The solution to a multi-period portfolio problem can differ substantially from the solution to a static or single-period portfolio problem, as demonstrated originally by Samuelson (1969) and Merton (1969,1971,1973). This paper offers an explicit solution to a basic multi-period dynamic portfolio problem when the return dynamics are described by a multivariate time-series model and the investor is concerned with maximizing the expected utility of wealth at a given horizon. The modeling framework encompasses return generating models where some of the basic state variables are unobserved, and where the investor is faced with a filtering problem as part of the overall dynamic asset allocation problem. Our solution makes it possible to address, e.g., the portfolio implications of an estimated VAR-model that involves return-predictability for investors with different risk aversion and time horizons in a simple and consistent manner. Furthermore, when some of the state-variables are unobserved, we establish a close link between how unobserved state-variables can be handled consistently in the econometric estimation of the model as well as in a subsequent analysis of optimal asset allocation choice by using a Kalman filtering approach. This is explored in a realistic model calibration.

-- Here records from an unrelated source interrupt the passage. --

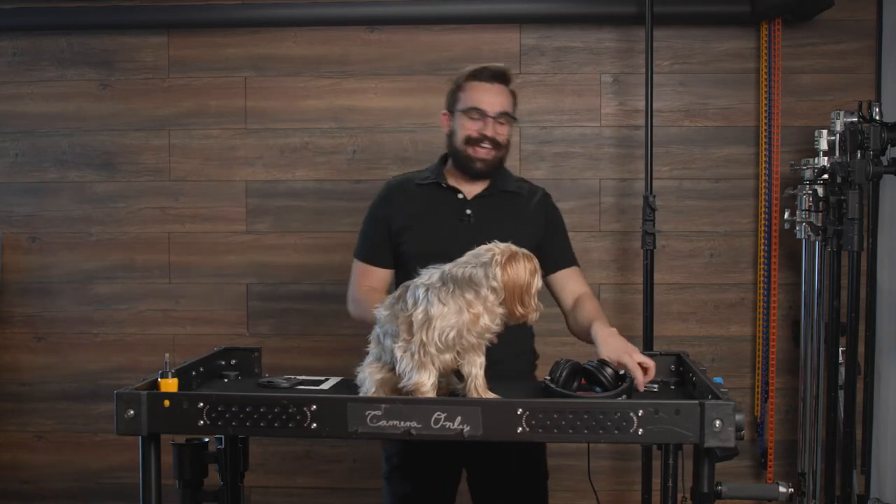I'm Manny and I'm from Creators Corner, and today we're gonna be unboxing this — and I'm actually really excited because it just came in the mail. It's gonna make my life a whole lot better.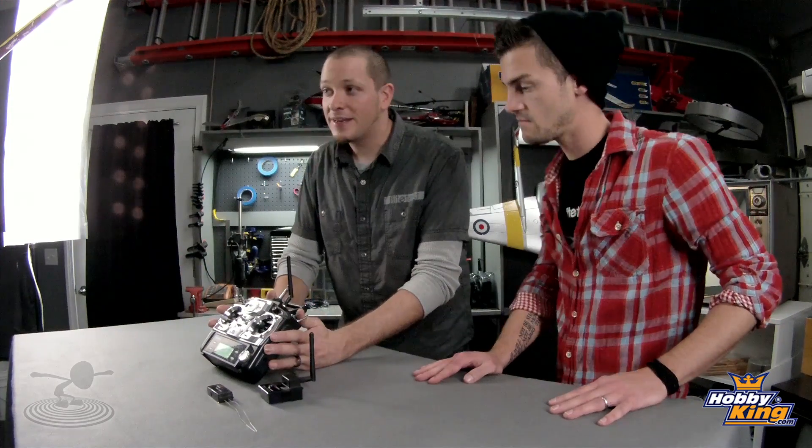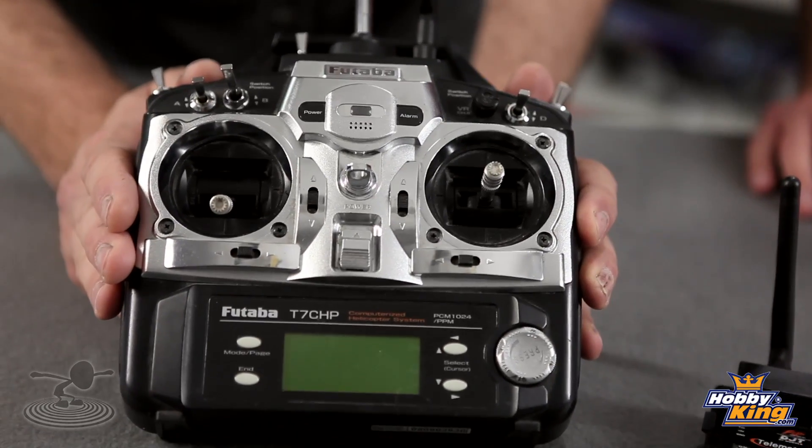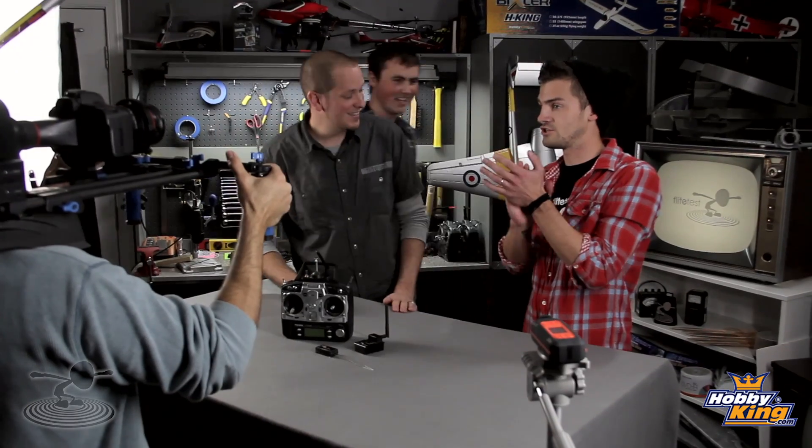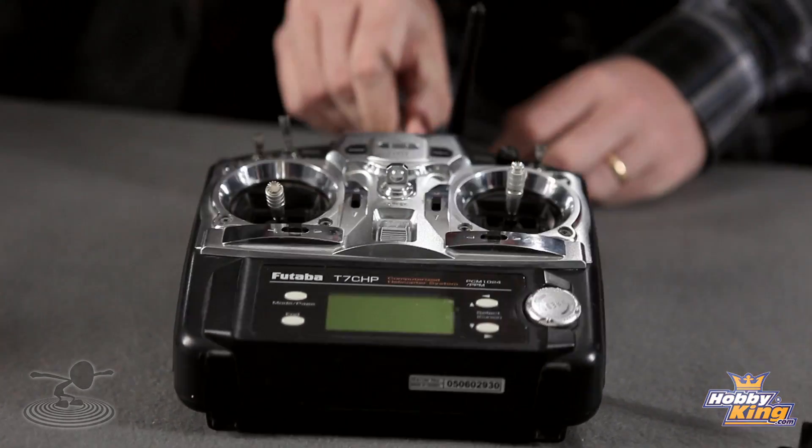My friend David put the DIY module into my radio, so we brought him in. He did an incredible job — he put the module into a 72MHz Futaba radio, bringing it back to life.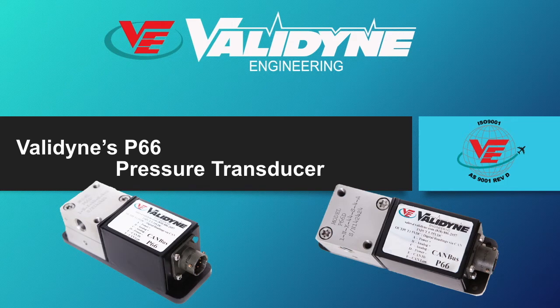Hello. In this short video, I would like to introduce you to the model P66, Valadine's pressure transducer featuring a digital CAN bus interface.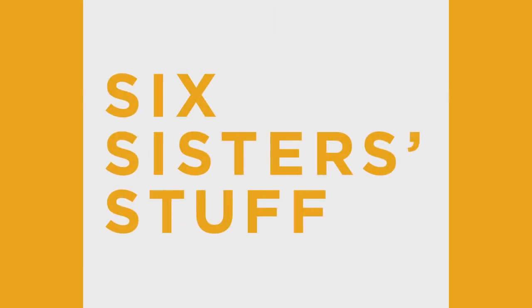Welcome back to Six Sisters Stuff. I'm Camille. I'm Kristen. Today we are going to be making 12 freezer meals that you can cook in your instant pot or your slow cooker. We've made lots of freezer meals for you guys before and you seem to really love them, so we decided to give you six more. We're going to make two of each recipe. Let's get cooking.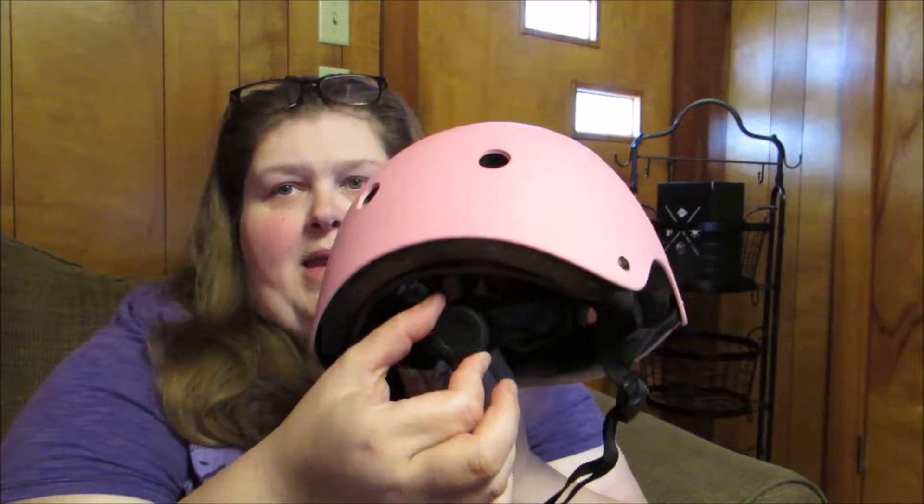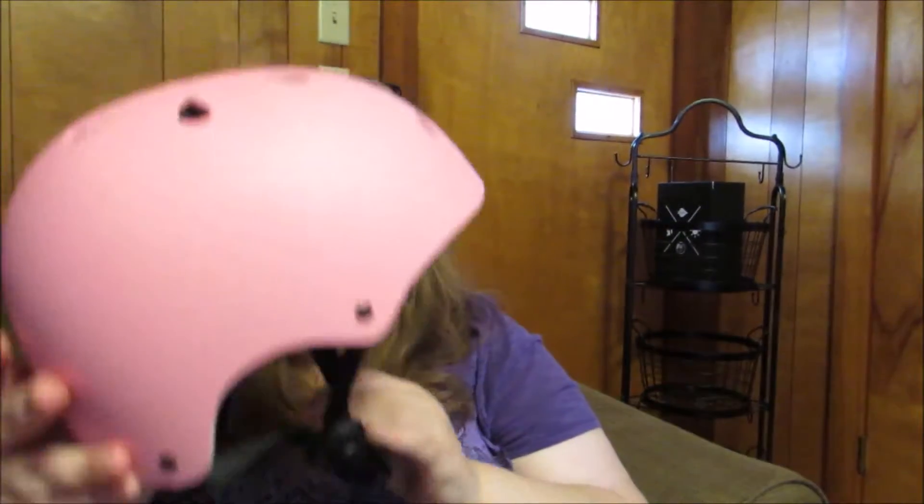I really like this helmet because it has the twist in the back that makes it larger or smaller, which is really great because our daughter has a small head and we're able to fit this for her. On the sides we just push and clip, and we were able to make this fit her well. It also comes with a nice set of pads.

The multivariate discrete-time modeling of return dynamics is basically similar to the multivariate VAR-setting used by Campbell, Chan and Viceira (2003), but extended to the situation where some of the state-variables may not be directly observed by the investor. The general version of our return generating model is based on a state-space representation which consists of a transition equation and a measurement equation. The transition equation describes the return dynamics, and this is exactly the Campbell et al. (2003) multivariate VAR-model. The measurement equation describes what is being observed (and what is not).